= 2004 in Nordic music =

The following is a list of notable events and releases that happened in Nordic music in 2004.

==Events==
- 1 January – Norwegian singer Kurt Nilsen wins the international competition World Idol, against opposition from Arab, Australian, Belgian, Canadian, Dutch, German, Polish, South African, UK and US competitors.
- 9 January – Hanna Pakarinen wins the first series of the Finnish singing competition Idols.
- 2 April – Magne Thormodsæter is awarded the Vossajazzprisen 2004 on the first day of the Vossajazz festival.
- 10 May – Peter Tägtgren replaces Mikael Åkerfeldt on lead vocals in the Swedish band Bloodbath.
- 15 May – At the final of the 39th Eurovision Song Contest in Istanbul, the highest-placed of the Scandinavian countries is Sweden, represented by Lena Philipsson, who finishes fifth. Iceland and Norway finish 19th and 24th respectively. Denmark and Finland are both eliminated at the semi-final stage.
- 10 June – A gala concert is given by the Danish National Symphony Orchestra in Copenhagen's Tivoli Concert Hall, to celebrate the 70th birthday of Henrik, Prince Consort of Denmark. It includes the première performance of Frederik Magle's symphonic poem Souffle le vent from the Cantabile suite.
- 26 November – Daniel Lindström from Umeå wins the first series of the Swedish version of Pop Idol on TV4.
- 11 December – The Nobel Peace Prize Concert is held at the Oslo Spektrum in Norway. Stars include Cyndi Lauper, Sondre Lerche, Baaba Maal and Andrea Bocelli.

==Classical works==
- Einojuhani Rautavaara
  - Book of Visions for orchestra
  - Manhattan Trilogy for strings
- Esa-Pekka Salonen
  - Stockholm Diary
  - Wing on Wing

==Musical films==
- Alt for Egil, starring Kristoffer Joner

==Popular music==
- Björk – "Who Is It" (#5 Spain, #26 UK)
- Shirley Clamp – "Eviga längtan" (#3 Swedish radio chart)
- Trine Dyrholm – "Avenuen" (from "Mr. Nice Guy" (EP; #1 Denmark)
- Fame – "Vindarna vänder oss" (#10 Swedish radio chart)
- Gyllene Tider – "Jag borde förstås vetat bättre" (#7 Swedish radio chart)
- Daniel Lindström – "Coming True" (#1 Sweden)
- Markoolio – "In med bollen" (Sweden #1)
- Nightwish – "Nemo" (#1 Finland, #1 Hungary)
- Lena Philipsson – "It Hurts" (#1 Sweden, #6 Turkey)
- Sonata Arctica – "Don't Say a Word" (#1 Finland)
- Tarja Turunen – "Yhden enkelin unelma" (#1 Finland)

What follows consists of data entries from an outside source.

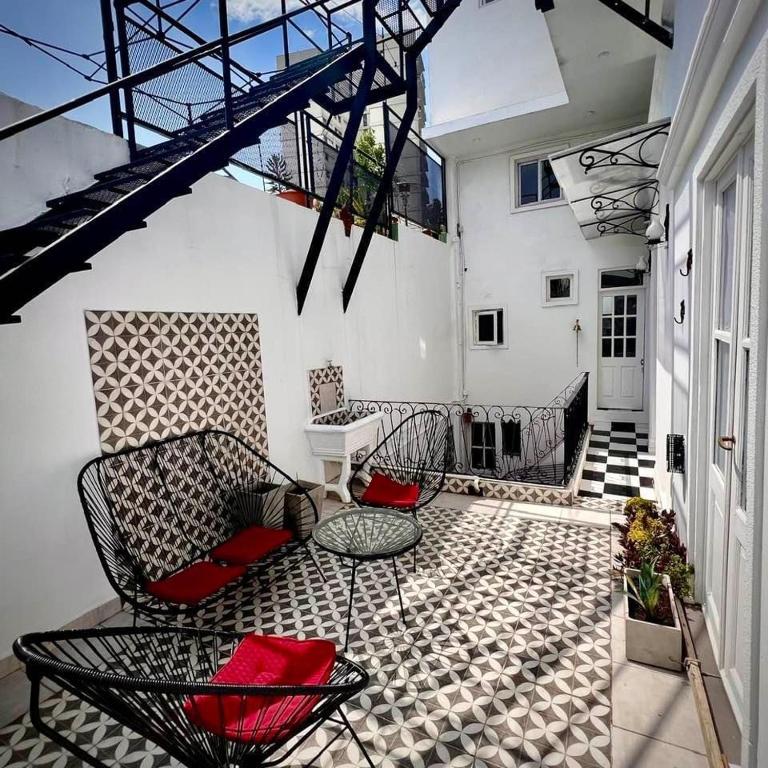 Enchanting townhouse loft in heart of San Telmo - B&B Buenos Aires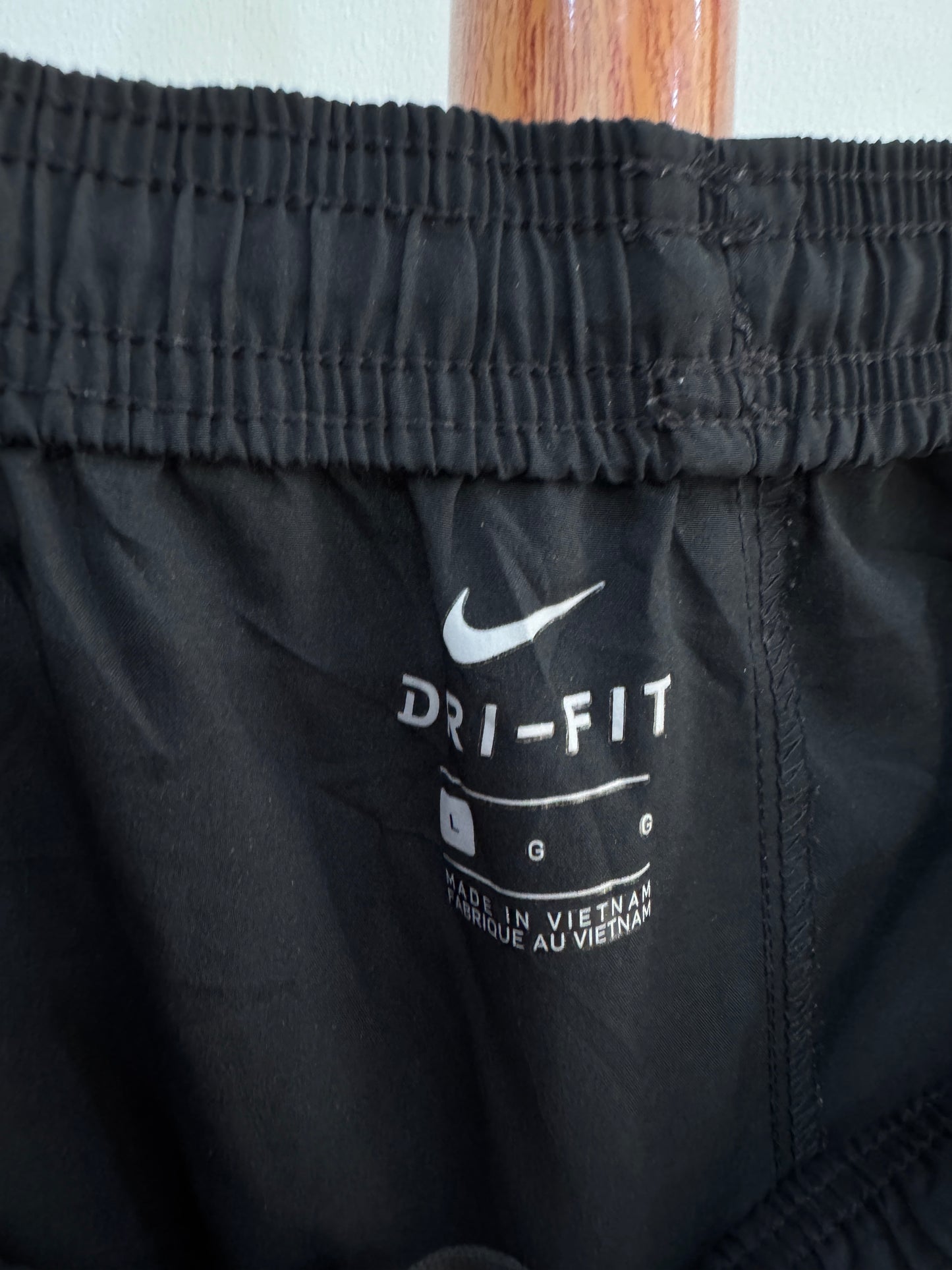 Authentic ‘Nike’ Big Logo Dri-Fit Trackpant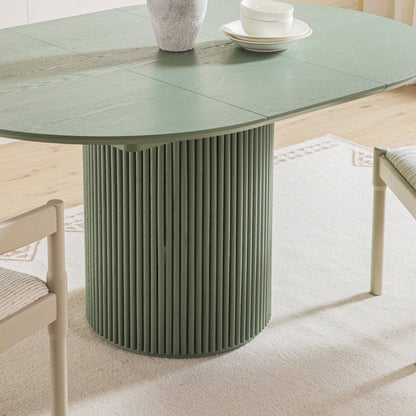 Table à manger ronde extensible Maru 4 à 6 places avec piédestal en chêne, vert sauge
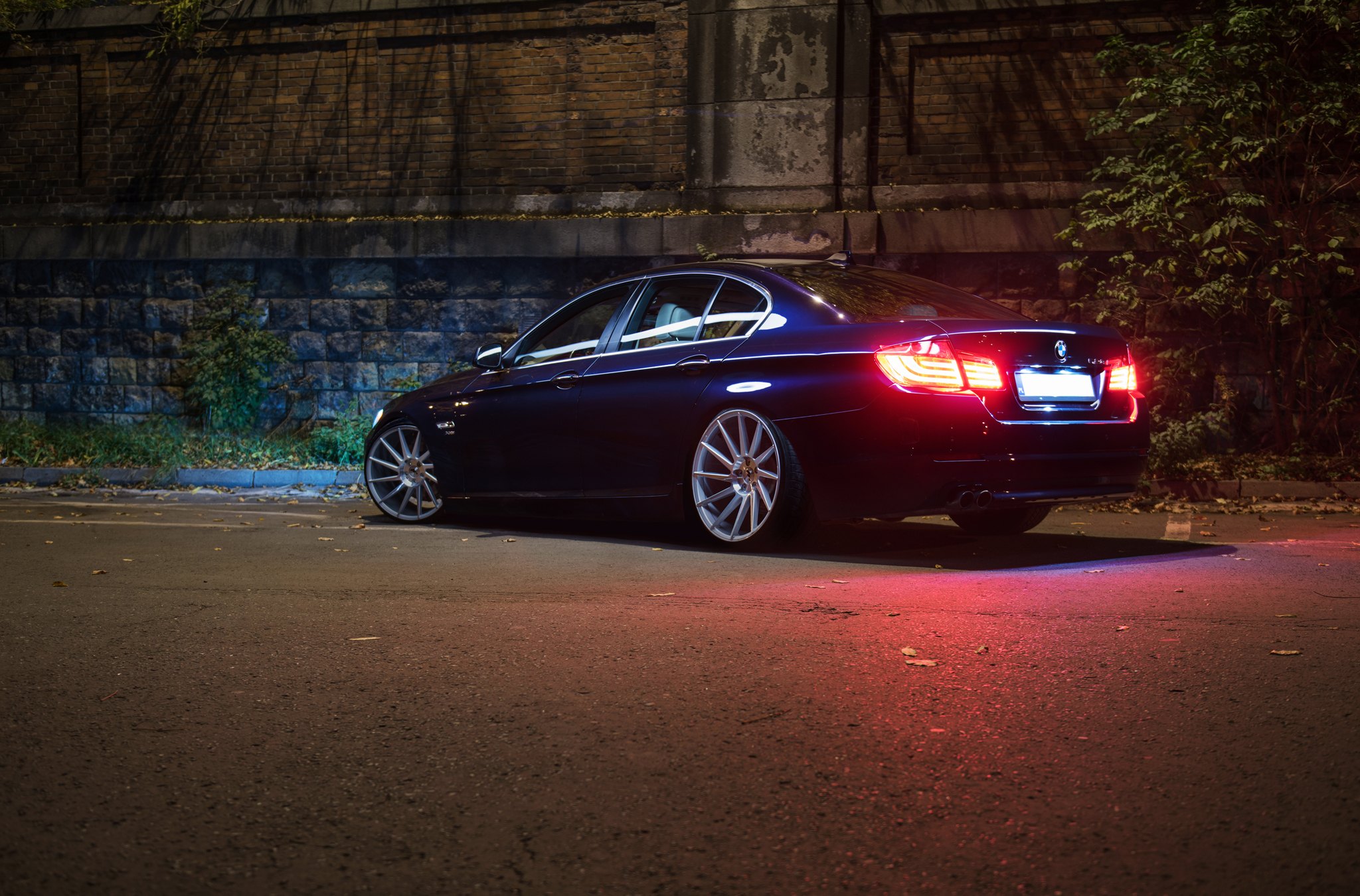 Aftermarket Rear Diffuser on Dark Blue BMW 5-Series - Photo by JR Wheels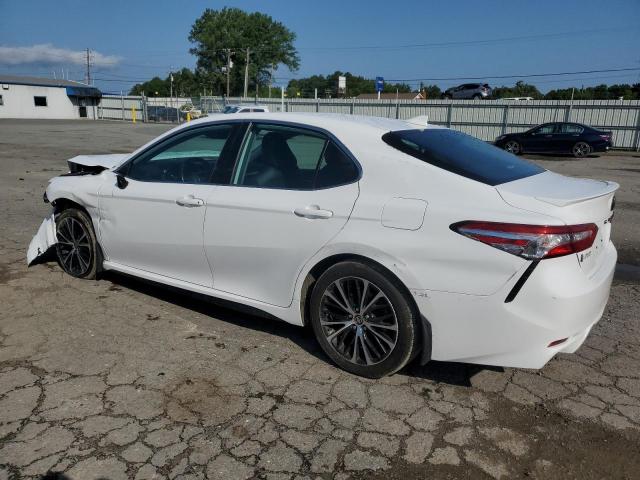 VIN 4T1G11AKXLU958041 2020 Toyota Camry, SE no.2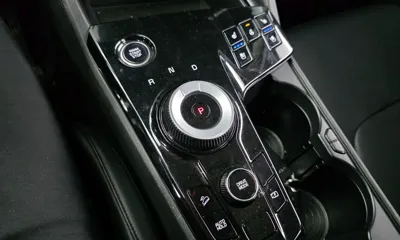 Kia Sportage 2022, 94117 км, за 15725.14 USD - фото 9
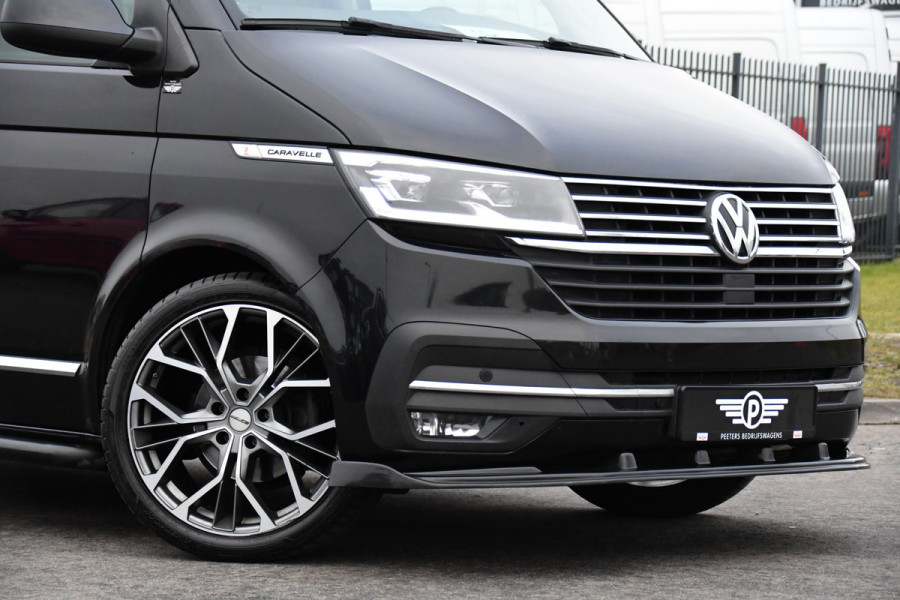 Volkswagen Transporter 2.0 TDI L2H1 30 DC Caravelle Virtual, Camera, Carplay, Leder, LED, 2 x Electrische deur, Clima, Trekhaak, 150pk, Automaat, Uniek! Bulli, Highline!
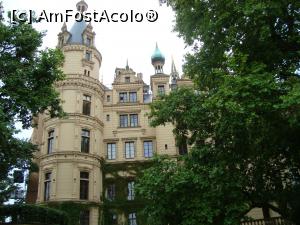 [P13] Detaliu exterior al palatului ce ascunde 1000 de ani de istorie.  » foto by mireille
 - 
<span class="allrVoted glyphicon glyphicon-heart hidden" id="av837752"></span>
<a class="m-l-10 hidden" id="sv837752" onclick="voting_Foto_DelVot(,837752,21511)" role="button">șterge vot <span class="glyphicon glyphicon-remove"></span></a>
<a id="v9837752" class=" c-red"  onclick="voting_Foto_SetVot(837752)" role="button"><span class="glyphicon glyphicon-heart-empty"></span> <b>LIKE</b> = Votează poza</a> <img class="hidden"  id="f837752W9" src="/imagini/loader.gif" border="0" /><span class="AjErrMes hidden" id="e837752ErM"></span>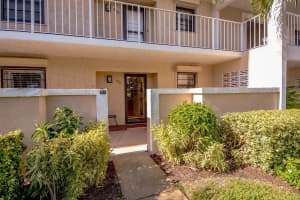 300 N A1a 103h 103h, Jupiter, FL 33477 Sold 10/31/25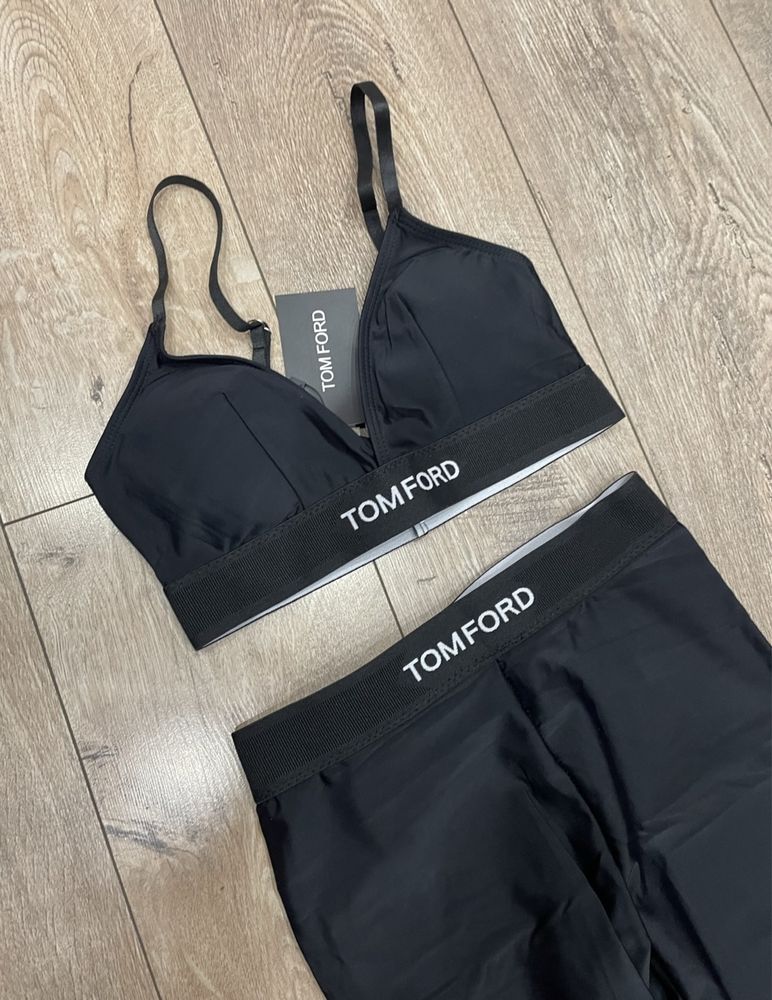 Крутезний жіночий чорний брендовий костюмчик лосини і топ Tom Ford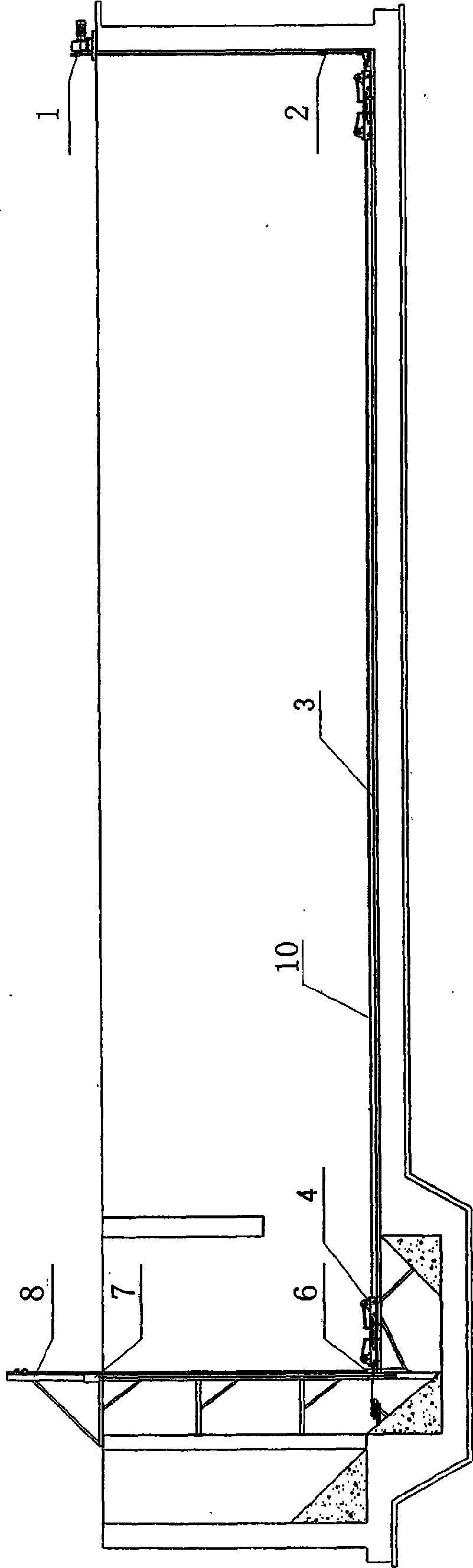 Trolley-type chain mud scraper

==Eurovision Song Contest==
- Denmark in the Eurovision Song Contest 2004
- Finland in the Eurovision Song Contest 2004
- Iceland in the Eurovision Song Contest 2004
- Norway in the Eurovision Song Contest 2004
- Sweden in the Eurovision Song Contest 2004

==Deaths==
- 14 January – Terje Bakken, Norwegian heavy metal vocalist (born 1978; hypothermia)
- 6 February – Jørgen Jersild, Danish composer and music educator (born 1913)
- 20 February – Ørnulf Gulbransen, Norwegian flautist (born 1916)
- 20 March – Bernhard Christensen, Danish organist and composer (born 1916)
- 13 May – Kjell Bækkelund, Norwegian classical pianist (born 1930)
- 9 June – Bent Jædig, Danish jazz saxophonist and flautist (born 1935)
- 12 November – Usko Meriläinen, Finnish composer (born 1930)
- 26 December (killed in Thailand by the 2004 Indian Ocean earthquake and tsunami)
  - Sigurd Køhn, Norwegian jazz saxophonist and composer (born 1959)
  - Markus Sandlund, Swedish cellist (born 1975)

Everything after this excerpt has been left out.